[[ Source data open ]]

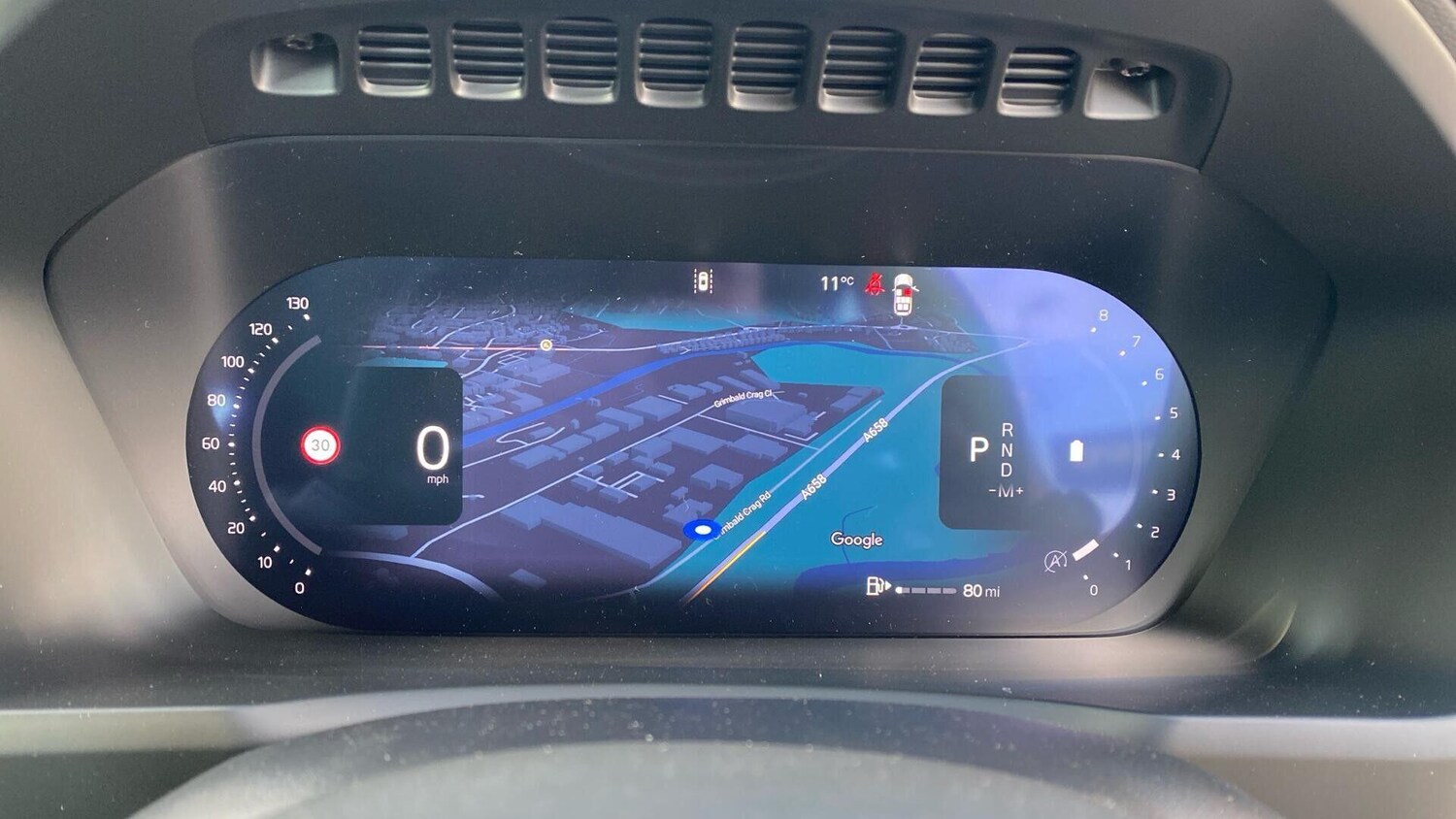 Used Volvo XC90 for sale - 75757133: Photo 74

[[ Source data closed ]]
[[ Source data open ]]

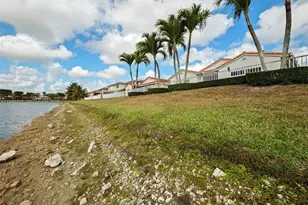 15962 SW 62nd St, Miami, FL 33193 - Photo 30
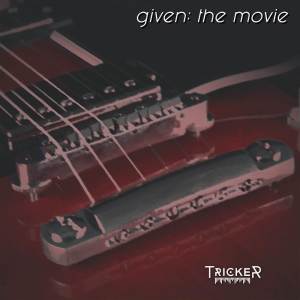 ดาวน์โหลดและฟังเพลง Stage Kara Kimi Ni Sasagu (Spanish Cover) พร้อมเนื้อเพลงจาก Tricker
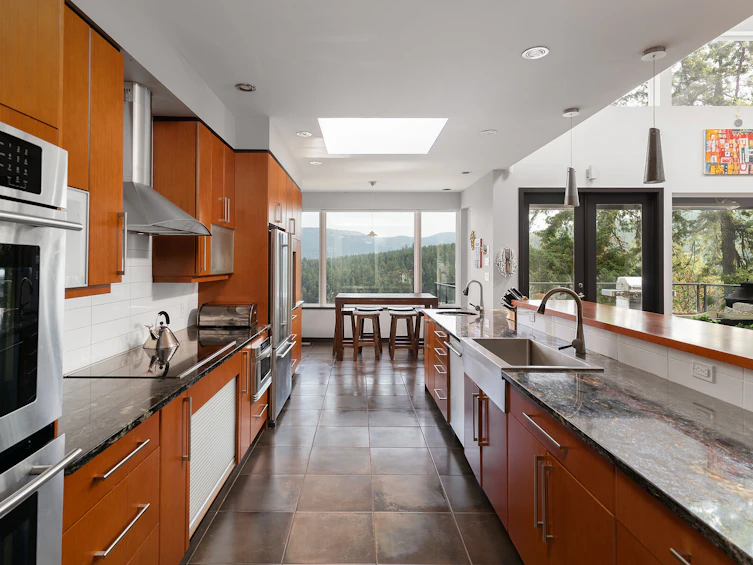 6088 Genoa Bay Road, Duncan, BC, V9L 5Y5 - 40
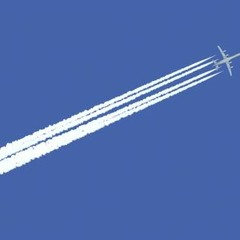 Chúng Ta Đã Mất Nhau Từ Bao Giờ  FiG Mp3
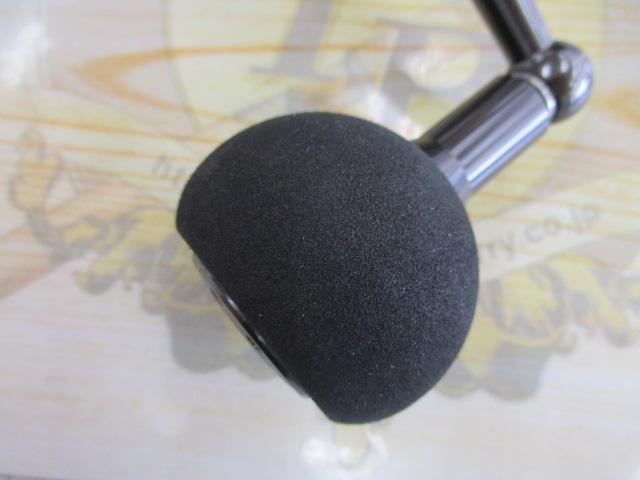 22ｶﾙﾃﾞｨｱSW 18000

[[ Source data closed ]]

Directions for this task: Go to the line above holding "15962 SW 62nd St, Miami, FL 33193 - Photo 30", then copy exactly each line down to and including the one holding "22ｶﾙﾃﾞｨｱSW 18000", leaving pictures out.

Exercise output:
 15962 SW 62nd St, Miami, FL 33193 - Photo 30
 ดาวน์โหลดและฟังเพลง Stage Kara Kimi Ni Sasagu (Spanish Cover) พร้อมเนื้อเพลงจาก Tricker
 6088 Genoa Bay Road, Duncan, BC, V9L 5Y5 - 40
 Chúng Ta Đã Mất Nhau Từ Bao Giờ  FiG Mp3
 22ｶﾙﾃﾞｨｱSW 18000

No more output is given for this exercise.